La tenue d’un registre
Les bases de données distribuées de type blockchain trouvent également, comme domaine de prédilection, la tenue d’un registre infalsifiable et transparent, par exemple, pour l’établissement d’un cadastre ou pour la certification des diplômes.
Au Honduras, le gouvernement a inscrit dans une blockchain publique l’intégralité des titres fonciers du territoire afin d’éviter l’appropriation unilatérale des terres par certains, et garantir aux yeux de tous que le cadastre ne soit pas modifié ou altéré. Au Ghana, une initiative similaire, menée par l’ONG Bitland, permet d’enregistrer les actes fonciers associés à des coordonnées GPS qui, une fois inscrits dans une blockchain appelée Bitshare, sont immuables sans un transfert de propriété en bonne et due forme. Depuis 2016 en Géorgie, l’initiative est directement portée par le gouvernement, avec le concours de l’entreprise Bitfury. Loin d’« uberiser » les notaires, ces initiatives prennent forme dans des pays où l’absence de cadastre et de services notariés, ainsi qu’un haut niveau de corruption, incitent des start-up à proposer ce genre de services ou les États eux-mêmes à mettre en place un cadastre inviolable.

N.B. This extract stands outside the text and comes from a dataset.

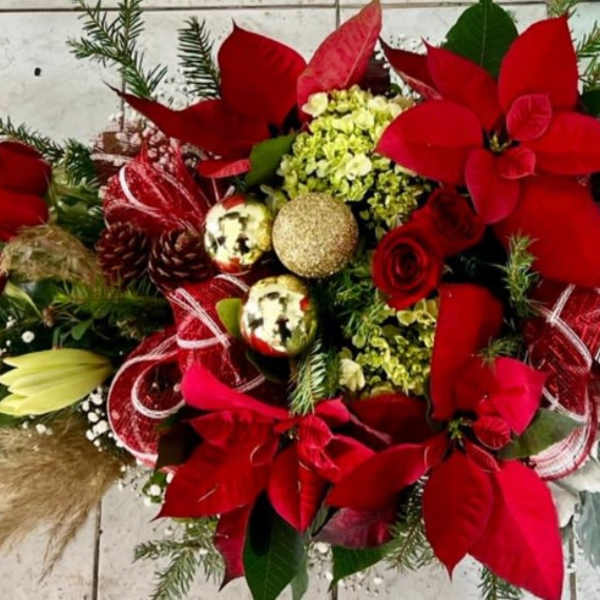 Red poinsettia arrangement with roses, lilies, and gold ornaments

Régulièrement dénoncée par les écoles et par les entreprises, la fraude au diplôme serait un fléau en constante progression. Pour ne citer qu’un seul cas tristement célèbre, Gilles Bernheim, grand rabbin de France, a reconnu avoir menti sur son CV, en 2015, en usurpant le titre d’agrégé de philosophie, mentionné dans toutes ses biographies. Des entreprises, comme Verifdiploma fondée en 2000, se sont lancées sur ce créneau d’authentification des diplômes et autres certificats d’un candidat. Une des solutions mises en œuvre par l’ESILV (École supérieure d’ingénieurs Léonard de Vinci) en partenariat avec la société Paymium en France, ou par l’École d’ingénieurs Holberton à San Francisco, aux États-Unis, avec la société Bitproof, a été d’enregistrer la signature de chaque diplôme dans la blockchain Bitcoin et de tenir ainsi à jour le registre de leurs diplômés.

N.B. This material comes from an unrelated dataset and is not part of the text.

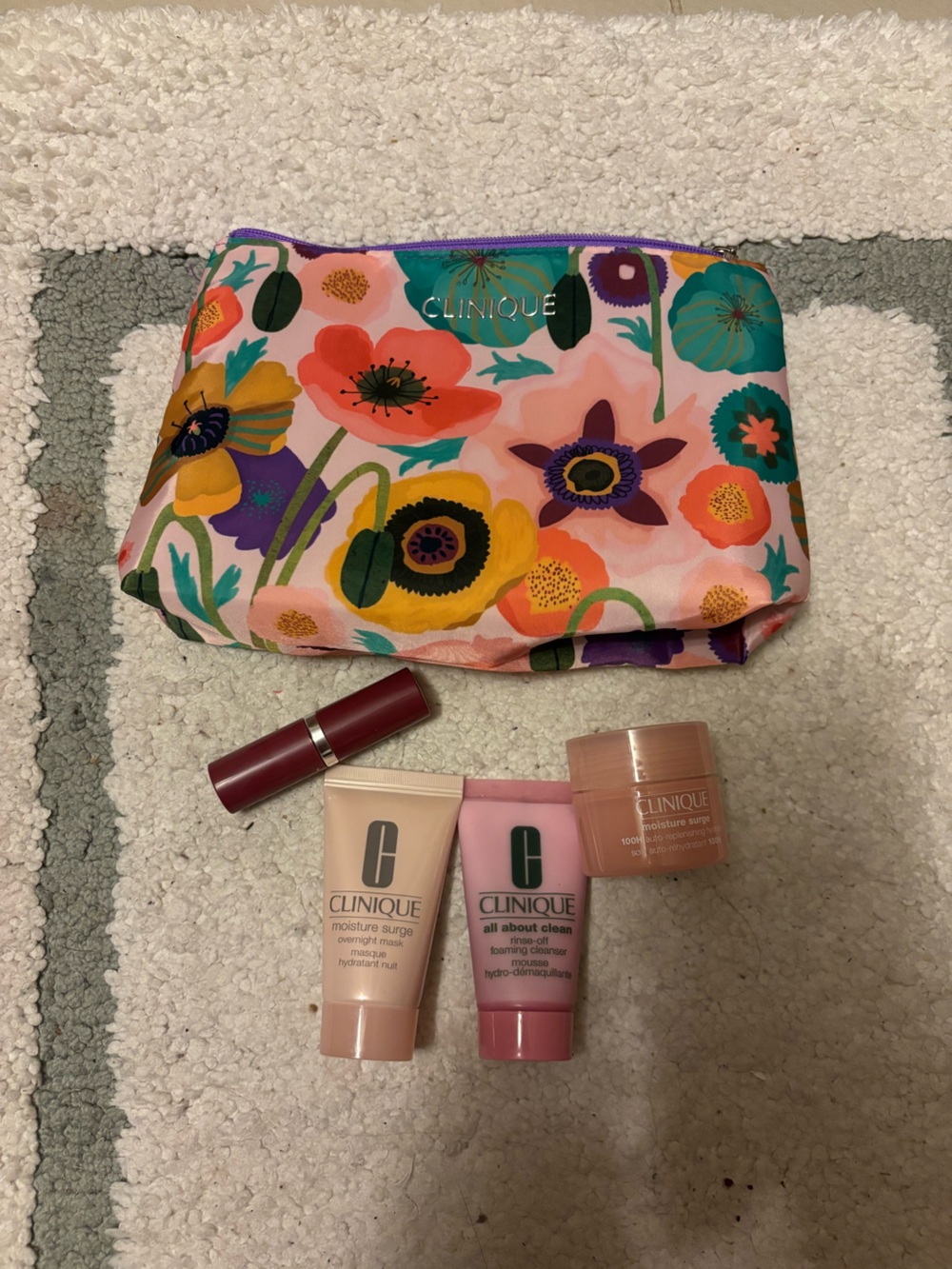 Clinique Floral Pink Cosmetic Bag with Pink Skincare & Red Lipstick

Il est, à la fois, extrêmement difficile de falsifier un tel registre, qui horodate par ordre chronologique l’ensemble des diplômes émis par l’école et très simple pour une entreprise de vérifier dans ce même registre si un candidat est bel et bien diplômé de ladite école. En France, le ministère de l’éducation nationale et le rectorat devraient s’emparer du sujet au plus vite afin de moderniser le Répertoire national des certifications professionnelles (RNCP), registre des diplômes reconnus par l’État, ce qui permettrait de les distinguer facilement de ceux qui ne le sont pas. Serait en même temps créée une blockchain publique dans laquelle les écoles et les universités inscriraient leurs diplômés, cette base de données pouvant être consultée par tous les employeurs de France ou de l’étranger.